HERE IS THE CALDECOTT TUNNEL PROBLEM. If there's another person with you right now, you may end up raising your voices as you consider it. I'm just warning, is all. The last time I brought up the Caldecott Tunnel Problem among friends, two people who had been a happy couple for a long time started arguing, and then they looked at each other as if something new and disturbing were presenting itself, and when I got up to go, one of them was pounding the table and yelling at her beloved, "But that is so wrong!"
Anyway, the problem. Near where I live, which happens to be Northern California but that's not relevant, there's a three-bore tunnel that runs east-west under some steep hills that separate the suburbs (east) from Oakland and Berkeley and eventually San Francisco (west). If you're driving east-west around here, you use the Caldecott Tunnel; you could go winding over the hills and bypass the problem altogether, but it would take forever and you don't want to. The freeway leading to the Caldecott is called Highway 24, and on the suburban side of the tunnel it courses like a river beneath open sloping grassland, all golden and Tuscan right now in summer.

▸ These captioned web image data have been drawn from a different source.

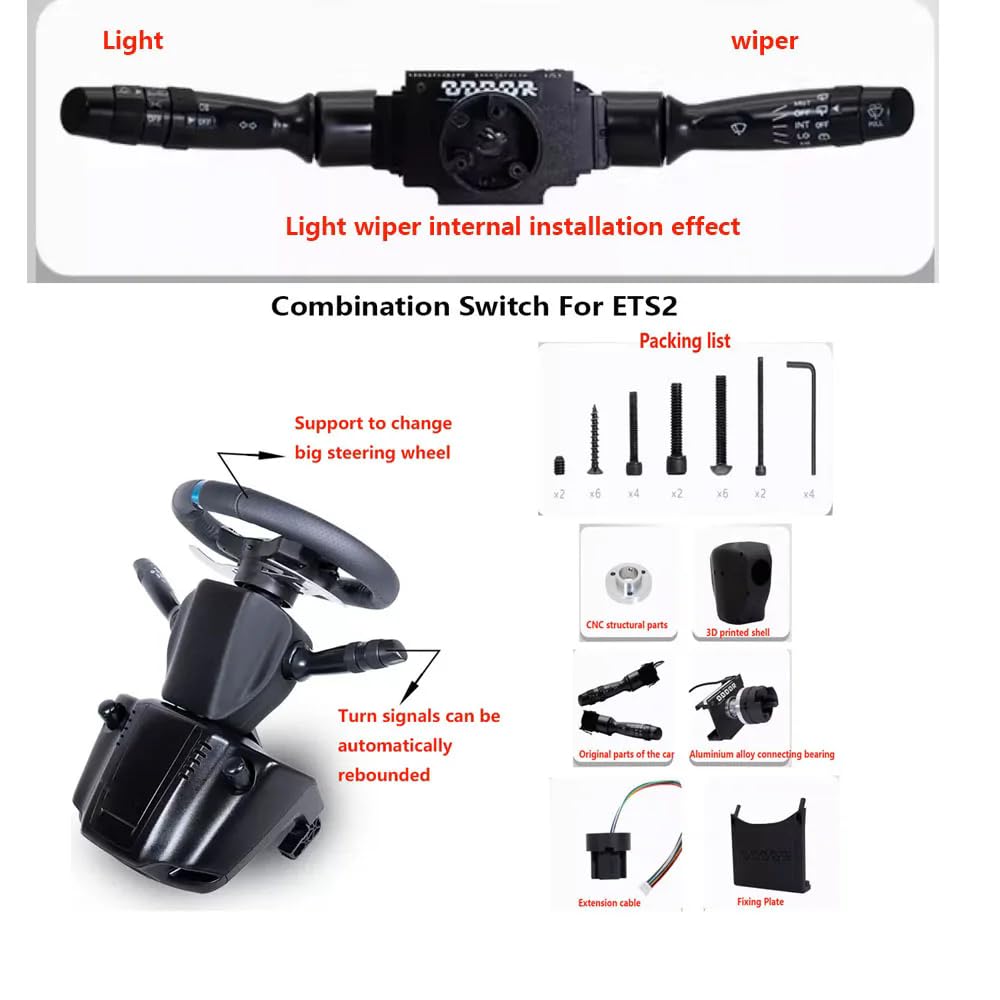 Benshuuk DIY Drehsignalwischer Hebel Kombinationsschalter für G27 / G29 / G920 / G923 oder Moza Spiel Lenkrad; PC Rennsimulator für ATS ETS2 OMSI 2 Euro/American Truck (For G27/G29/G920)
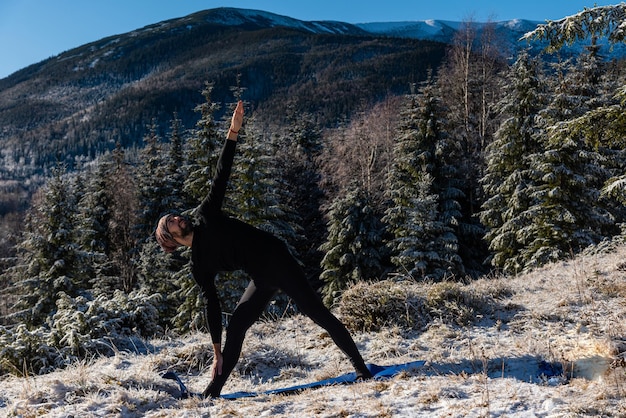 Motivation yoga on the mountain hills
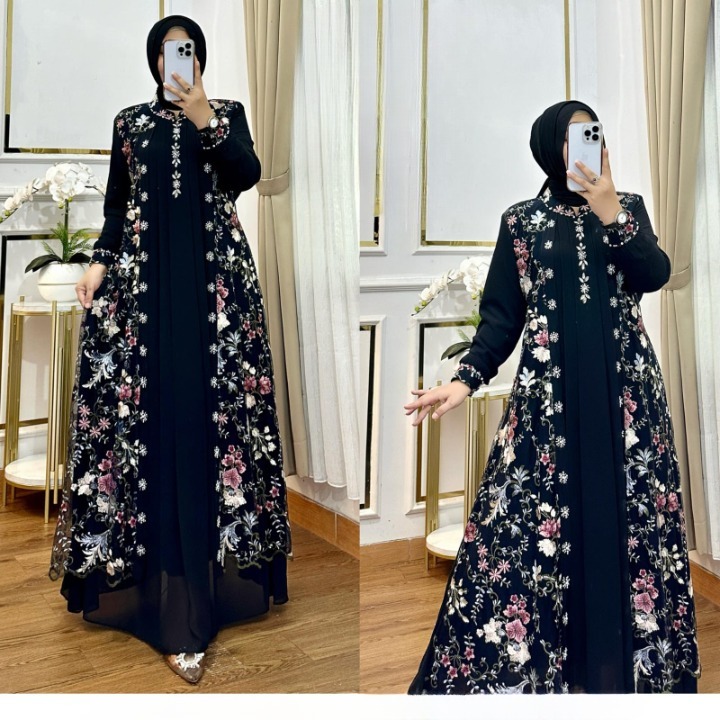 ล่าสุดผู้หญิง Gamis ชุด Misela ชุด BO ขนาด ML XL XXL LD 100-120 CM PB 140 CM วัสดุ Brukat หรือ Tille ปักนูนสีพรีเมี่ยม Elegant Luxury Party Robe ล่าสุด Jumbo Premium Brocade วัยรุ่นชุดสตรีเกาหลีร่วมสมัย สไตล์สไตล์สไตล์สไตล์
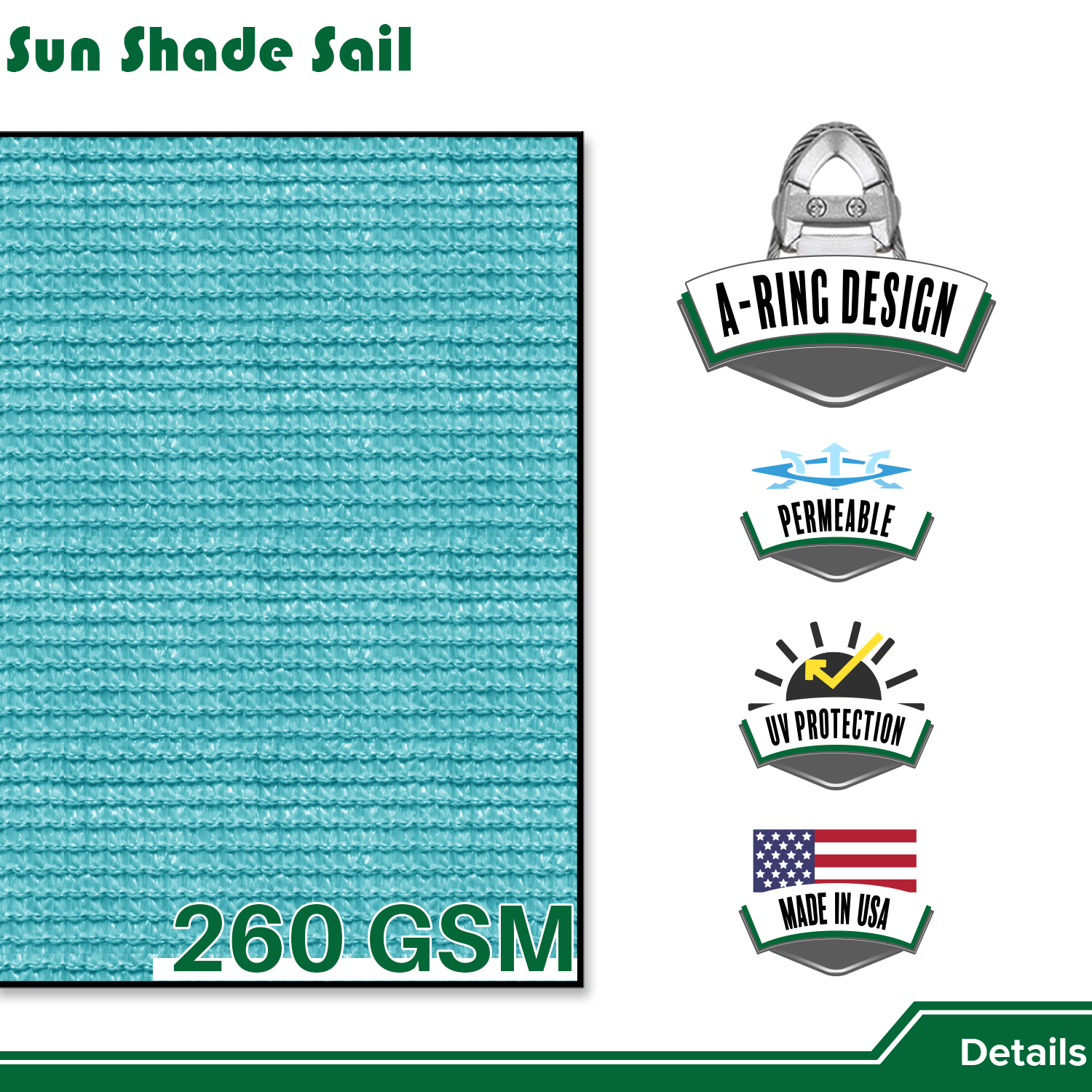 20'x20'x20' Sonnenschutz Segel mit Kabel UV Block Hinterhof Garten Pool Abdeckung Outdoor - Bild 18 von 50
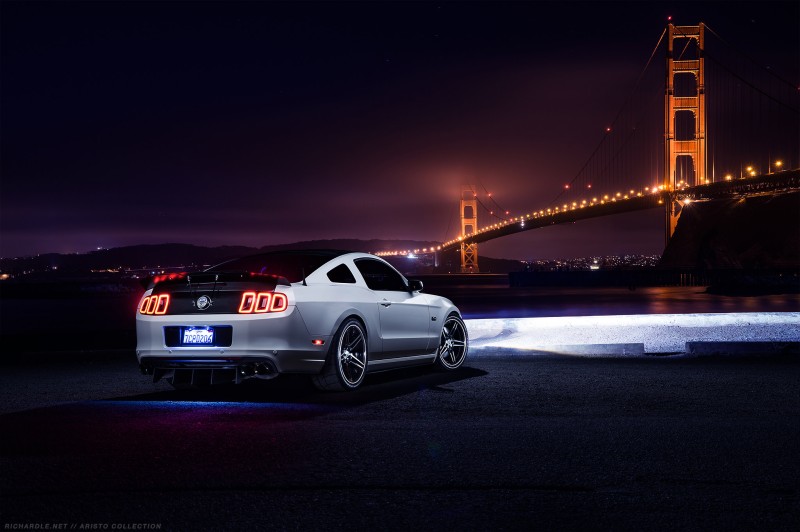 Car, Ford, Ford Mustang, Bridge, Taillights Wallpaper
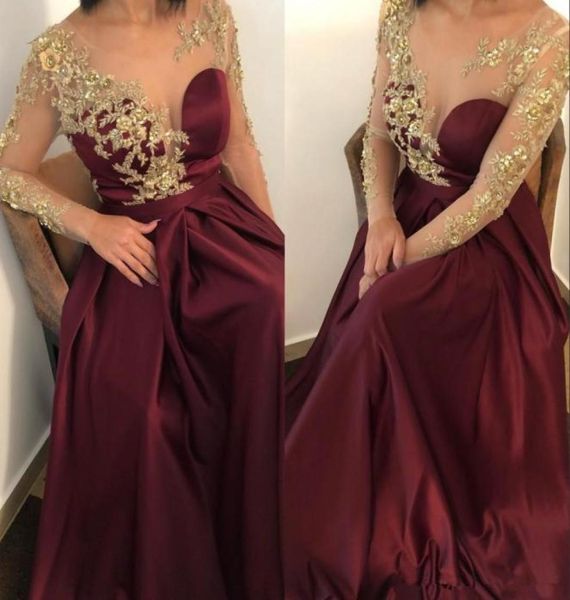 

2020 new burgundy satin a line long evening dresses 2019 sheer long sleeves gold 3d floral lace applique beaded floor length prom 5113434, Black;red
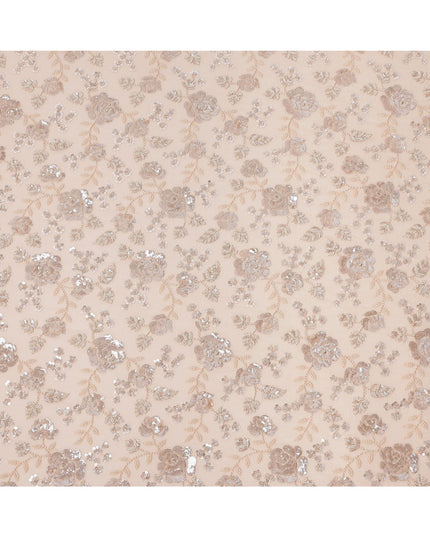 Peachy Pink Floral Sequin & Thread Embroidered Silk Chiffon Fabric, 110 Cms Width, India-D25272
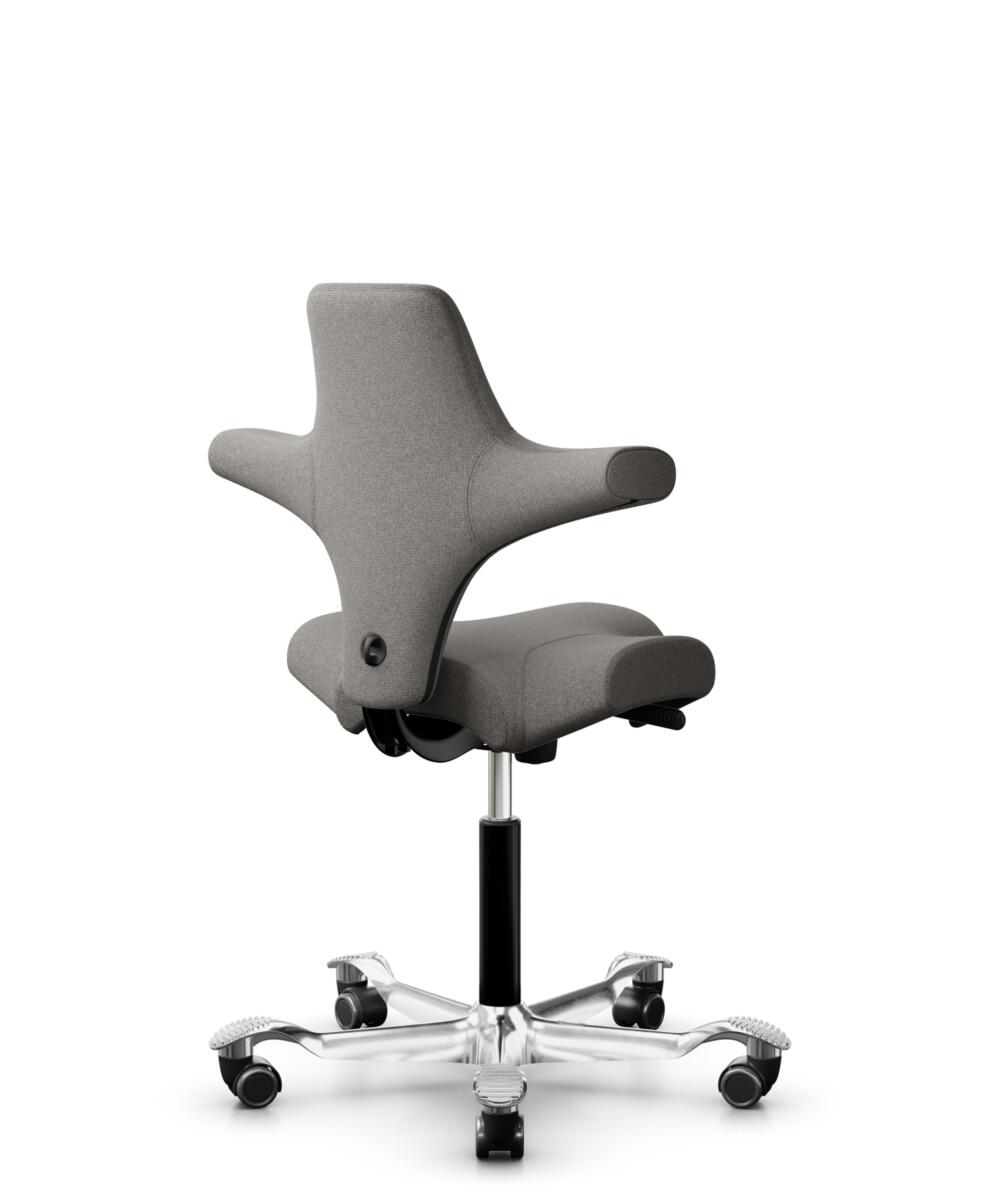HÅG Capisco 8106 - Cura Loop (Gabriel) - Gerecycled Polyester - CLP61168 Beige-grey - Framekleur - Zwart - Gasveer - 150 mm (Zithoogte 40-55cm) - Vloercontact - Zachte wielen t.b.v. harde vloeren - Voetenring - Nee, geen voetenring - Voetster - Ja, voe... - 3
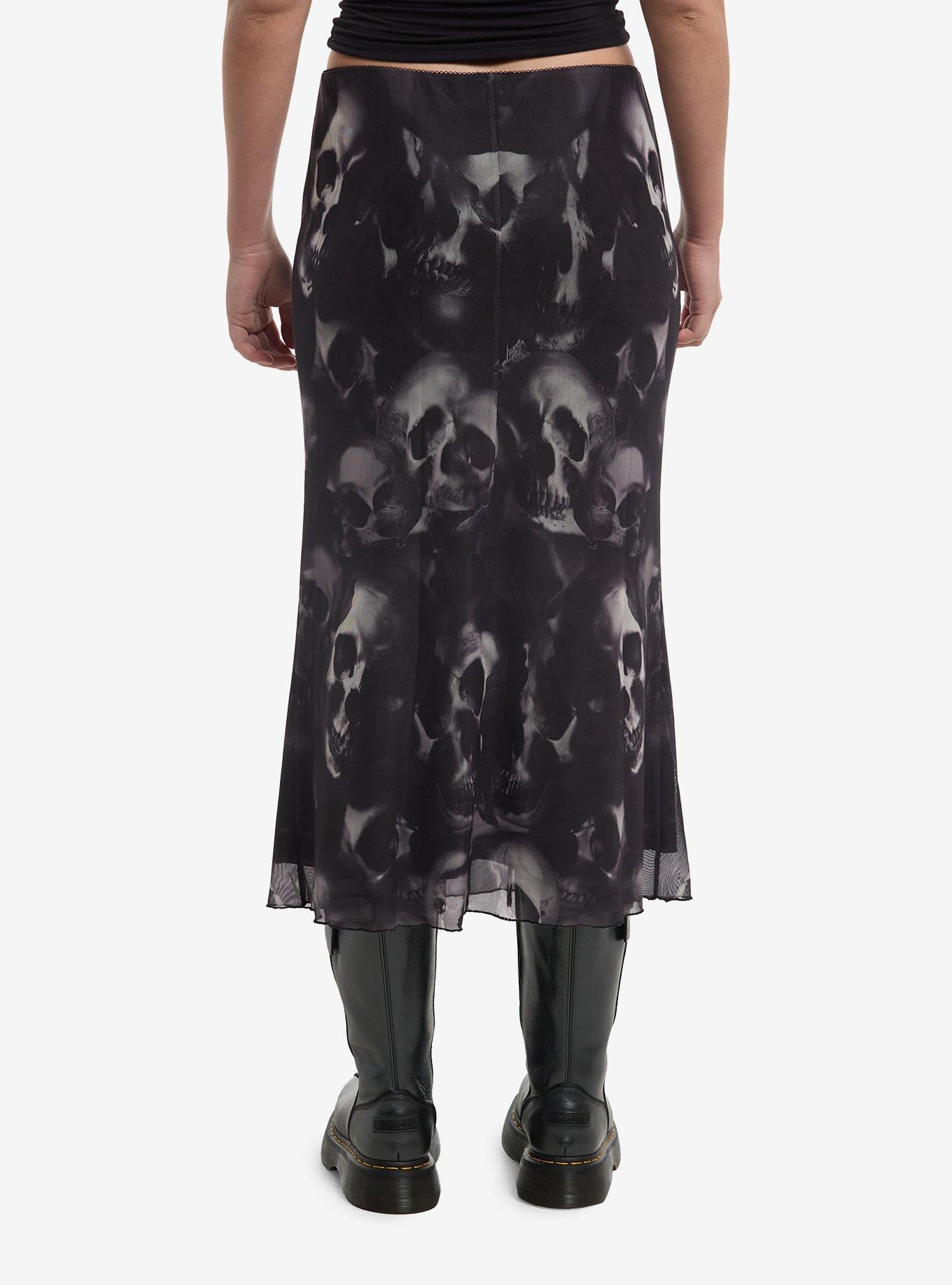 Shadowy Skulls Midi Skirt, , hi-res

So here you are, let us say, heading west toward the Caldecott at the end of a July afternoon. The geography, what with the hills rising on either side, pretty much requires you to focus on the thing that is about to happen in front of you — you can see it coming, and sometimes from quite a distance, depending on how bad the backup is. The trick about the Caldecott is that although each bore is two lanes wide, the middle bore switches direction, by means of signage and mechanically raised cone separators, contingent on the flow of the main morning and evening commute. So if you're driving out of the suburbs toward Oakland at the end of the day, the cars coming the opposite way take that middle bore, which means your side of 24 is being coned off into the one remaining bore on the right — a four-lane to a two-lane funnel.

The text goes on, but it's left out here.